Even as a child, lighting candles on Shabbat with my grandmother and mother as a ritual held a meaningful place in my heart. While my family never strictly adhered to every single rule of Shabbat, we observed it through the importance with which we regarded it and through the effort we put into recognizing it each week. Growing up in Israel where Shabbat is a seamless part of life taught me its value, but it also led me to take for granted how easy it was to observe Shabbat. I had, after all, always been supported by my environment and family to keep Shabbat alive in both spirit and tradition.
Things changed very quickly when I moved to college. I spent all of last year living in the dorms, isolated from other Jews. If there were any on the Hill, they were practically invisible, and I was far too reserved to dare venturing to Hillel by myself, despite my parents’ nagging. I stopped lighting candles on Shabbat because of the “no fire” policy (and was only rewarded for my compliance with multiple false fire alarms at 5 a.m. or earlier throughout the year). I felt it was pointless to recite Kabbalat Shabbat on my own and eventually Shabbat became practically nonexistent.
Yom Kippur that year was the first I had spent fasting alone. I underestimated how difficult it would be. It wasn’t long before I could no longer bear my roommate’s unsuccessful (but very kind) attempts at suppressing the crunch of each snack. I was bored out of my mind and so existentially deprived that by noon, I didn’t care that if I left the dorm I wouldn’t be able to return because of the electric locks.
I spent the rest of the day wandering aimlessly, searching in vain for anyone wearing a fancy suit and tennis shoes, hoping I could follow them to wherever the Jews are. That was the point when I knew I would do everything in my power to make sure the following year would be different.

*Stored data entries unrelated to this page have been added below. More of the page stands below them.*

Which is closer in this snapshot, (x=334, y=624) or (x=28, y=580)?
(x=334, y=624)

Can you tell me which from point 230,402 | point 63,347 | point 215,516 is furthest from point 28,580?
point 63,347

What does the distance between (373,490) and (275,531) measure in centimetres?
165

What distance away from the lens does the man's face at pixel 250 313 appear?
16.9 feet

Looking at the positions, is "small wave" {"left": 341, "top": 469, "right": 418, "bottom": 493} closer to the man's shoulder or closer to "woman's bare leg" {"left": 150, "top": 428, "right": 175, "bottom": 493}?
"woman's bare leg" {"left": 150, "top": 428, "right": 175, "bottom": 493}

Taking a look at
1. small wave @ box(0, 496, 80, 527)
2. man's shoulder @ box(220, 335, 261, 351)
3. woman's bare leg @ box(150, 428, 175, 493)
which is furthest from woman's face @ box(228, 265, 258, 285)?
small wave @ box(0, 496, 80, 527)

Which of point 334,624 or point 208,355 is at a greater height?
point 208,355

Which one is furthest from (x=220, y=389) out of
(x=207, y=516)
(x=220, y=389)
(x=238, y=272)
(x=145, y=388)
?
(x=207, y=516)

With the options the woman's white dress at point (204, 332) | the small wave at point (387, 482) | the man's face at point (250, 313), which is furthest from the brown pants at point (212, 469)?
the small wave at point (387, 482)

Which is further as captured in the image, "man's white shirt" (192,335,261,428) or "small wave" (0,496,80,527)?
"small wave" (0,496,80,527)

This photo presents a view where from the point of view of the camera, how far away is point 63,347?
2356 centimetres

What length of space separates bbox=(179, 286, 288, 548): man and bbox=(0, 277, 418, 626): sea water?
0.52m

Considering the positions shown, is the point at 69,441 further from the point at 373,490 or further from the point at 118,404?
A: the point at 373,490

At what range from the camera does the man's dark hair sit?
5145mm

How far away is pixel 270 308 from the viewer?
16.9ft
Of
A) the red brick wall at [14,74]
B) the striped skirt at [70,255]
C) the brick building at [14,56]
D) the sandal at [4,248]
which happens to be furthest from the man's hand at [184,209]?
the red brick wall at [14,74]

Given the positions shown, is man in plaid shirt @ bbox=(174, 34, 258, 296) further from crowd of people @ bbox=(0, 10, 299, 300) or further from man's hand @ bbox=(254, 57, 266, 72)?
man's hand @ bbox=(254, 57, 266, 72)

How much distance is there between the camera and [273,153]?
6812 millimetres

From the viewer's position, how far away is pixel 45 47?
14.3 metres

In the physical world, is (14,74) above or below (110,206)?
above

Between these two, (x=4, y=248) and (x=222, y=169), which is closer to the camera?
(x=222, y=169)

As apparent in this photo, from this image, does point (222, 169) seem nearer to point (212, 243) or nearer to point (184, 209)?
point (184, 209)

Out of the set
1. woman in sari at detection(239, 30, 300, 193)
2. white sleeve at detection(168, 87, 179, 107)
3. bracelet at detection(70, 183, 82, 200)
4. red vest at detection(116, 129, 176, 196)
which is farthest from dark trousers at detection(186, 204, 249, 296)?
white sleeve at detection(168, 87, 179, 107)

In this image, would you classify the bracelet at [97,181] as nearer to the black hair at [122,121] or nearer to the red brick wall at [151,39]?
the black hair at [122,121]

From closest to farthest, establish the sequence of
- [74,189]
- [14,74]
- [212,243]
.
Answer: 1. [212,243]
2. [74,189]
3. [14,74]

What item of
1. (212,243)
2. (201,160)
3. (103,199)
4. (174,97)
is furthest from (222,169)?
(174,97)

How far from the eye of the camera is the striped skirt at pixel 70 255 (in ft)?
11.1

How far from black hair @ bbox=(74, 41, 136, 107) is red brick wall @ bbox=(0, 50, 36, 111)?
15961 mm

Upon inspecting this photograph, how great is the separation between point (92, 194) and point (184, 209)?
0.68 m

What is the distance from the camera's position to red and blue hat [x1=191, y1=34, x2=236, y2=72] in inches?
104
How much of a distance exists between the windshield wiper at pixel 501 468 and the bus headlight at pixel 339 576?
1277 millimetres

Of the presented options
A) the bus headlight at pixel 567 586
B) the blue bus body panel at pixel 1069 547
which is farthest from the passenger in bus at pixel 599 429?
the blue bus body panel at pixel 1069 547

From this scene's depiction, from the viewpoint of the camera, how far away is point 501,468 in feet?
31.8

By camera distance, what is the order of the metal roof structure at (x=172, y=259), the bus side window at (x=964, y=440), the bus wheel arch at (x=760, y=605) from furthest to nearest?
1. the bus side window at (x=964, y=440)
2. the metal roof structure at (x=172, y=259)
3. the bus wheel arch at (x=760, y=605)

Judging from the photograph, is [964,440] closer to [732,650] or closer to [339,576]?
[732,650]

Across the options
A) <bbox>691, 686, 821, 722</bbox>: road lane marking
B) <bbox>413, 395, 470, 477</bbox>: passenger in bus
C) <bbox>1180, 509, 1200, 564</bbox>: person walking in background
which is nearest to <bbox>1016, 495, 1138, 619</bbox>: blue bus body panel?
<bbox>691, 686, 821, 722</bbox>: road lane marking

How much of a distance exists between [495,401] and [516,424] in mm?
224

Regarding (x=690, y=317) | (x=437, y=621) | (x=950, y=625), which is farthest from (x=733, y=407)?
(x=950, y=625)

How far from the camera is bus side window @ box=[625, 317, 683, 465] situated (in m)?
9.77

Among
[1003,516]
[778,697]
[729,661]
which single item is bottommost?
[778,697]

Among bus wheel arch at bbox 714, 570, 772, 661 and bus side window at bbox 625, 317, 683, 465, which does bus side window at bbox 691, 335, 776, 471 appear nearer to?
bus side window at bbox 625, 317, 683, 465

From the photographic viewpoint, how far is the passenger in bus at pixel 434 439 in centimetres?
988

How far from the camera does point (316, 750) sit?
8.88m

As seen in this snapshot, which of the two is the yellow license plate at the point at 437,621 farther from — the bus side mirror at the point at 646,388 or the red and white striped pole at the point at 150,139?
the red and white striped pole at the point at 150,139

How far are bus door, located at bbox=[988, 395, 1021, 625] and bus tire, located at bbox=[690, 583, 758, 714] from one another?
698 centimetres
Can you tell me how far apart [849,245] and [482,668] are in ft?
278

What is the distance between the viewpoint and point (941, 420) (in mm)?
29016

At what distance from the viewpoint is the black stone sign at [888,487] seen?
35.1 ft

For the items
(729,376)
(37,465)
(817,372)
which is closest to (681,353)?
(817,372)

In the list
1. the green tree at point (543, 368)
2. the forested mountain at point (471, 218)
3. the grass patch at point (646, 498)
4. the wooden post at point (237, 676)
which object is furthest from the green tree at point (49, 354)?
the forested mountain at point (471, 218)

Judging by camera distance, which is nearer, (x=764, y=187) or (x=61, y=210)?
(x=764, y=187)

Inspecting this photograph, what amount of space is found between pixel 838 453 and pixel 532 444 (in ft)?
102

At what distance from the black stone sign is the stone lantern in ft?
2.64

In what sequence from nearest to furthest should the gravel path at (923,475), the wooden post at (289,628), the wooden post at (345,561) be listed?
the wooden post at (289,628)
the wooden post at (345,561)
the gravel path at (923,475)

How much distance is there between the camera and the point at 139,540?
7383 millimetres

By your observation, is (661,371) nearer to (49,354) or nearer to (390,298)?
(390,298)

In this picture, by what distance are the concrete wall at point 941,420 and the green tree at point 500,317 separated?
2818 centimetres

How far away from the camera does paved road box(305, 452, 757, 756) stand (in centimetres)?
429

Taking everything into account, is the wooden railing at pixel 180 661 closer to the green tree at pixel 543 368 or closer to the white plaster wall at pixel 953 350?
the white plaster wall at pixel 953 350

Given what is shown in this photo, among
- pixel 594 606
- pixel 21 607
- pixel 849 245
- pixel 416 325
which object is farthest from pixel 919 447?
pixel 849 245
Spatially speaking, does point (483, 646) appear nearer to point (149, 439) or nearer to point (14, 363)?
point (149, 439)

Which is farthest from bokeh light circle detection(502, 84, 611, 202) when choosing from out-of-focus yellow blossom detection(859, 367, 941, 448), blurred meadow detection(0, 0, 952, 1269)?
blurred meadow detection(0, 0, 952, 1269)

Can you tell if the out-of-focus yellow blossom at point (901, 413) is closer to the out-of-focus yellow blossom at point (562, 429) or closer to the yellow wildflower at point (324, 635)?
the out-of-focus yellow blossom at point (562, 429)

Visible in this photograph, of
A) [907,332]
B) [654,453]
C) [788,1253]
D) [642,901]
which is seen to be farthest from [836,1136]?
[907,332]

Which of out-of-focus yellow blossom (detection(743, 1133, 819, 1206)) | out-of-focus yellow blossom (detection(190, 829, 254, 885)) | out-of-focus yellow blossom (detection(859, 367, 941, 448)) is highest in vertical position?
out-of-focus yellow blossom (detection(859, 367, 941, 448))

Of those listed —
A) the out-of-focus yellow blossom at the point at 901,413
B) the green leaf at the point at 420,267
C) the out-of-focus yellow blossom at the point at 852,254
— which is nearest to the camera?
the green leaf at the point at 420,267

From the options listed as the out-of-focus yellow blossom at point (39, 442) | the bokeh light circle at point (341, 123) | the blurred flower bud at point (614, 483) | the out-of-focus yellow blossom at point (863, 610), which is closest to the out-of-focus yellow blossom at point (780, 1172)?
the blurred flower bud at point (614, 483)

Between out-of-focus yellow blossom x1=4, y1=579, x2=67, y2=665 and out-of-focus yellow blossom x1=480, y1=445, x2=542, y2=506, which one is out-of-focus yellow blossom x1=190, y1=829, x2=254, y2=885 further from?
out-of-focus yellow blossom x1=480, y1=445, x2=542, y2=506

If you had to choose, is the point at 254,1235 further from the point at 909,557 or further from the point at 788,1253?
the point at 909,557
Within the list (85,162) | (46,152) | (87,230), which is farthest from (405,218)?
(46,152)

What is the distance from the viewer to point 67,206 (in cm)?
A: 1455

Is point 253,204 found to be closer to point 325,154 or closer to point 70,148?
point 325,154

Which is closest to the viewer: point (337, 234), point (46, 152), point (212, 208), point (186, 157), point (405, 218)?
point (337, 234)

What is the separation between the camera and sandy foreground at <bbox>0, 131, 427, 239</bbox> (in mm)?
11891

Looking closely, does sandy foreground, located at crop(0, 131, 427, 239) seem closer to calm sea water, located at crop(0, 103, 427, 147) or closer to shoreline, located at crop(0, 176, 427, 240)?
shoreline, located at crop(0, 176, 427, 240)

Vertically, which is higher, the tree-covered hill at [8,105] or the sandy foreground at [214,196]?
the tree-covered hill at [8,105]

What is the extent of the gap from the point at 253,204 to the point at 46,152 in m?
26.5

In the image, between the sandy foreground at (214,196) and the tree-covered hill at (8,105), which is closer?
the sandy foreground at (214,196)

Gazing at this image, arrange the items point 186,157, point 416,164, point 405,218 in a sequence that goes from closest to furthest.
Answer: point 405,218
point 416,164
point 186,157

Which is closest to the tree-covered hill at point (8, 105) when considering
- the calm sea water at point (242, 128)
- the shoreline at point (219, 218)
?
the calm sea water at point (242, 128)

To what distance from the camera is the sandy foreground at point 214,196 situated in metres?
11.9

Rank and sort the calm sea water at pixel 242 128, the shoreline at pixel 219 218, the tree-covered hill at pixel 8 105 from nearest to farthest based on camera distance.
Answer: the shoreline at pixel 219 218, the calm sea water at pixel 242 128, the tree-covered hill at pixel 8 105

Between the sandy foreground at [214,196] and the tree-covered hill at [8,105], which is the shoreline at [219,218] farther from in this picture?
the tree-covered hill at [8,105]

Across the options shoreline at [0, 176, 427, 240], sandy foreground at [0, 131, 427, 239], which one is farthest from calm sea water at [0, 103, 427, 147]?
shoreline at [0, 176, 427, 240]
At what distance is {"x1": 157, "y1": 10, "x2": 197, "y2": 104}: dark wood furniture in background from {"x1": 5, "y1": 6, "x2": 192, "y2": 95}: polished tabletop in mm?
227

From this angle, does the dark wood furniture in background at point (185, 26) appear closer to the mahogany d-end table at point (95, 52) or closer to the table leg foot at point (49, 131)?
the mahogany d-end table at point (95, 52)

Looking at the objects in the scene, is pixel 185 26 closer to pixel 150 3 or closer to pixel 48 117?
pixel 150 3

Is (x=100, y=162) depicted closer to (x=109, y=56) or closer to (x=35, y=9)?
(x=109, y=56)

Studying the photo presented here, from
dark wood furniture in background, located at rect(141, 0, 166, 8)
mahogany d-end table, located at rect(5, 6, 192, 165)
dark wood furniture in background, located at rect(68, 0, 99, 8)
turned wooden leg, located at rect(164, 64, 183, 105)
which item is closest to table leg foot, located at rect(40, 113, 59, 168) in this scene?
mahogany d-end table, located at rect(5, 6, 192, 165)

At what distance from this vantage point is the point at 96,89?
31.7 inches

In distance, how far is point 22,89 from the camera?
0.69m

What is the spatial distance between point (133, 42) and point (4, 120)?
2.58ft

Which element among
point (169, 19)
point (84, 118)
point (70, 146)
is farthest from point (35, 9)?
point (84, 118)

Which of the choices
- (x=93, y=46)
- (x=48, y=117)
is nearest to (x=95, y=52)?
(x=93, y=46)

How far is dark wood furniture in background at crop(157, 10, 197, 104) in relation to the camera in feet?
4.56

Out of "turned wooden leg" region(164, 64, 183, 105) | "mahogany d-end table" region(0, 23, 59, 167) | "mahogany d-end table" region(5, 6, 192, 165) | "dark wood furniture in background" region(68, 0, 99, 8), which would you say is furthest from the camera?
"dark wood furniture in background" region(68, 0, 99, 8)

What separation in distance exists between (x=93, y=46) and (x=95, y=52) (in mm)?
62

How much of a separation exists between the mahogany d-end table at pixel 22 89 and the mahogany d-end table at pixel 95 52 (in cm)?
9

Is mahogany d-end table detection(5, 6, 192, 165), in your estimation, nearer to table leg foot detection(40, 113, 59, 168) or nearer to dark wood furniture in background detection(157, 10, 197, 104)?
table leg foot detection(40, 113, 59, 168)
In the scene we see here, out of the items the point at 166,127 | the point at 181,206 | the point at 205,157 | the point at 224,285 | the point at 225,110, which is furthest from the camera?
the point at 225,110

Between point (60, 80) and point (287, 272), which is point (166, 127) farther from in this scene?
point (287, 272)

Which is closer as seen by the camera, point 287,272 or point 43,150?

And I succeeded a little too well.
The experience of moving into the Westwood Bayit has exceeded my expectations. Bayitniks — a term that refers to those who live in the Bayit — are such a lovely, diverse bunch, and frankly, I find them inspiring. They’ve connected me to Hillel, JAM and all the other incredible Jewish organizations and groups on campus. I rediscovered Judaism and my connection to its values and traditions, but it was more than just that. Up until that point Judaism has always seemed very personal and solely introspective. For the first time, I began to experience and consider Judaism as a community and a unifier. I started regularly attending Shabbat dinners and participating in events and gatherings, like JewQ, JAM challah bakes and Jewish Learning Fellowship (JLF). These days, I find that I eat absurd amounts of challah, and I’m weirdly okay with that.
I find it admirable every time I see even those who don’t consider themselves to be particularly religious, drop whatever it is they’re doing to help complete a minyan, simply because they’re needed. It’s emblematic of who we are as a people.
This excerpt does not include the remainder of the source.